27

Brian Junior and Brianne were not quite sure how Poppy came to be in their dad’s car when he drove them back from Leeds to Leicester for the Christmas holiday. Neither of them wanted her in the car, or in their house, and the prospect of spending four weeks with her appalled and horrified them both.

Poppy had been told that Brian was expected and she hung about in the lobby downstairs, waiting to introduce herself to him. She had overheard the twins laughing about their father’s abysmal dress sense – and she had seen a photograph she knew to be Dr Beaver, in which his face was lurking behind a straggling black beard – so she knew what to look for. Several likely candidates walked through the lobby before Dr Beaver appeared.

When Brian pressed the button to summon the groaning lift, Poppy slipped in beside him and said, ‘This lift’s awfully slow. I sometimes think that I’m in a Samuel Beckett play.’

Brian laughed. He had played Lucky in a student production of Waiting for Godot and had won praise for his ‘frenetic energy’.

While they slowly ascended to the sixth floor, Poppy told Brian that her parents were in a coma at Ninewells Hospital in Dundee. It was the first time she would be alone at Christmas, she told him.

Brian thought she might cry. His heart went out to her.
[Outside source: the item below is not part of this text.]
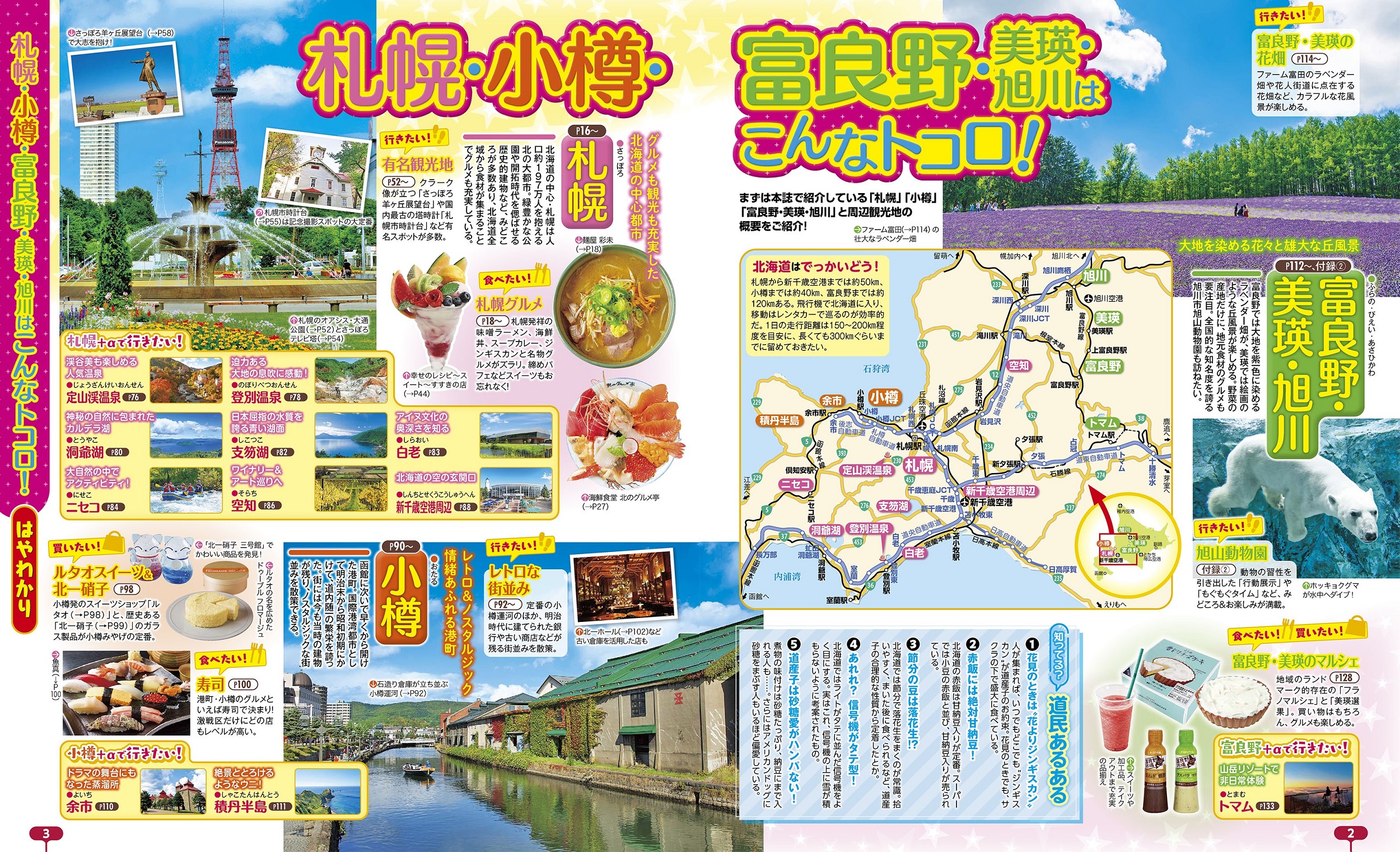 サムネイル画像2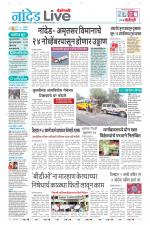 Nanded Live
Poppy had a quick flash of memory. It was the Ninewells Hospital Wikipedia page. She gave him a big brave smile and said, ‘But Mum and Dad are lucky, in a way. They’re in the first Frank Gehry building in Britain. Bob Geldof opened it. I can’t wait to tell them…, when they wake up.’

‘Yeah, I like Gehry’s work,’ said Brian. ‘Very space age. It’s much like the module we intend to build, well, on the moon.’ When she asked him what he did for a living, he said, ‘I’m Dr Brian Beaver, I’m an astronomer. ‘Poppy squealed and clapped her hands together.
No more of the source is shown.